Restate word for word all of the lines below, with each image left out.

--- Data Enclosed Below ---

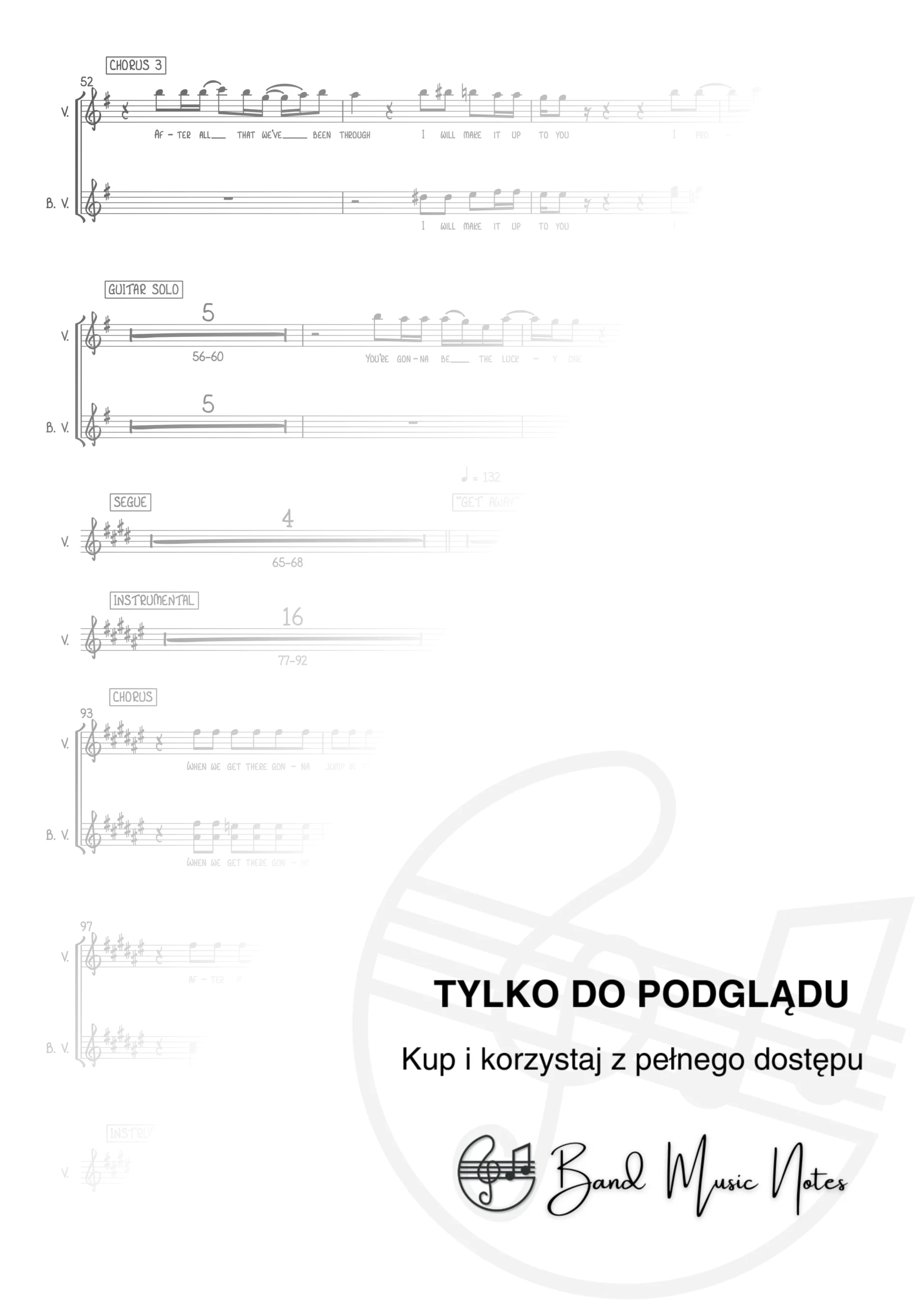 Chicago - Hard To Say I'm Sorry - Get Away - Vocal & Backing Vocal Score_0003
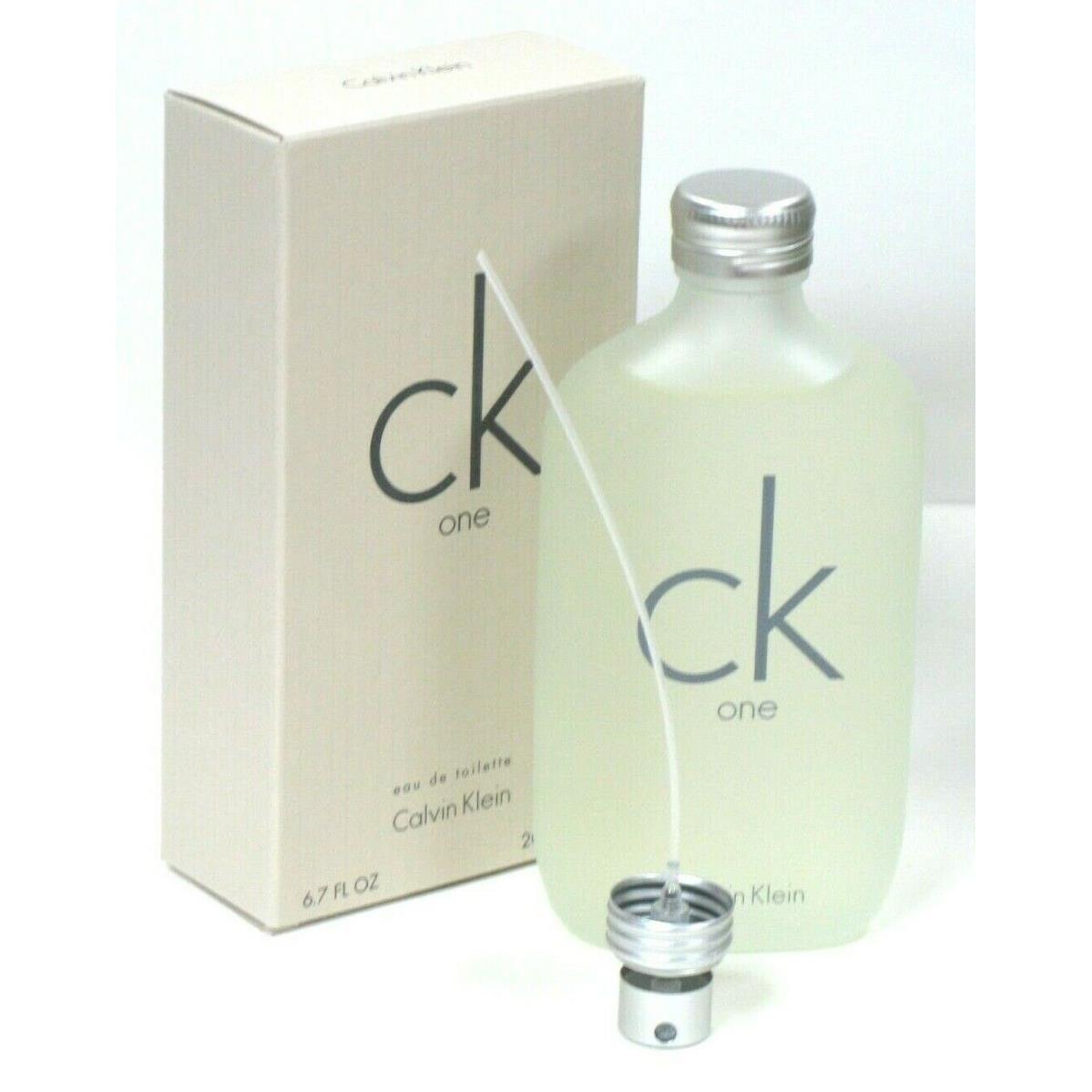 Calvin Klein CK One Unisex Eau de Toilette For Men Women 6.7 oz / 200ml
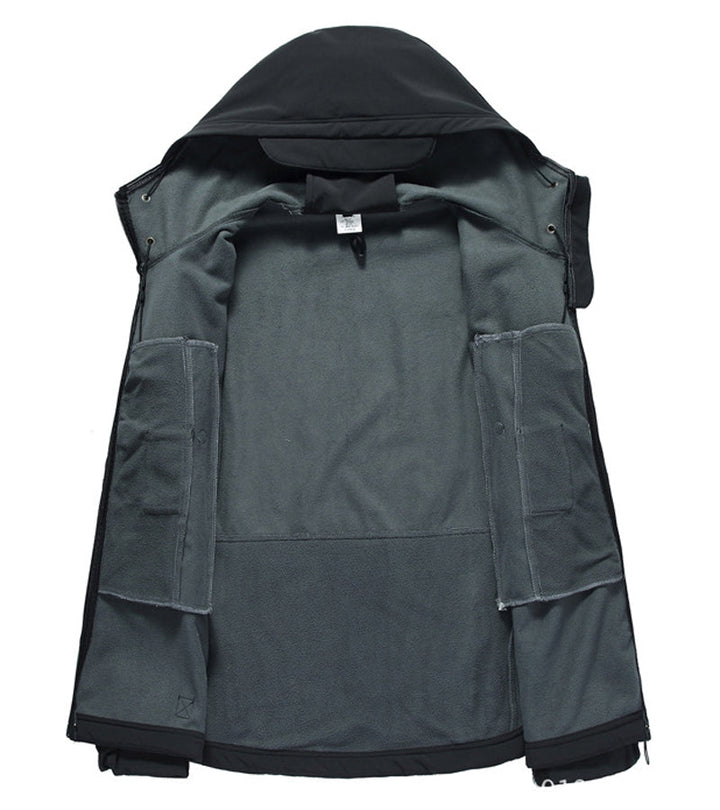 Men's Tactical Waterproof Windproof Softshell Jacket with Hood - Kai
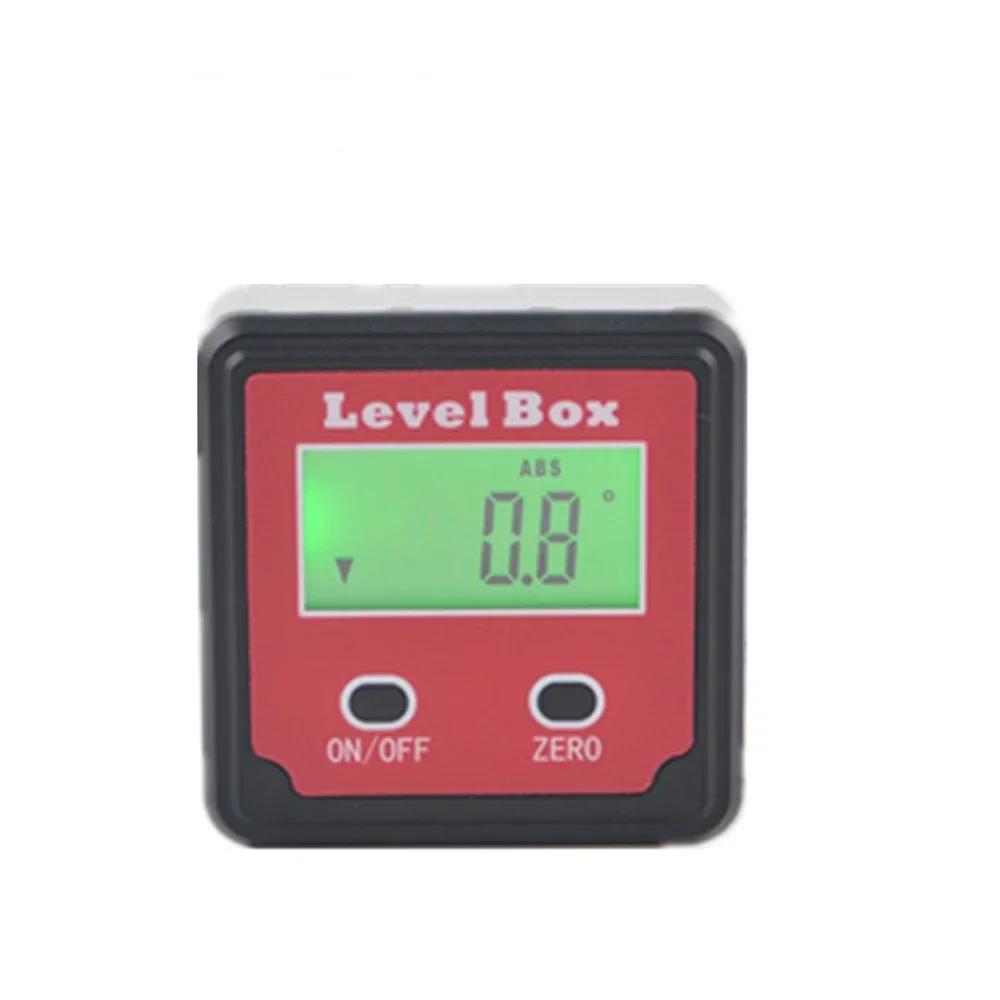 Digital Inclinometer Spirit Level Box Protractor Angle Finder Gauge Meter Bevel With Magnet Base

--- End of Enclosed Data ---

Answer to the exercise
 Chicago - Hard To Say I'm Sorry - Get Away - Vocal & Backing Vocal Score_0003
 Calvin Klein CK One Unisex Eau de Toilette For Men Women 6.7 oz / 200ml
 Men's Tactical Waterproof Windproof Softshell Jacket with Hood - Kai
 Digital Inclinometer Spirit Level Box Protractor Angle Finder Gauge Meter Bevel With Magnet Base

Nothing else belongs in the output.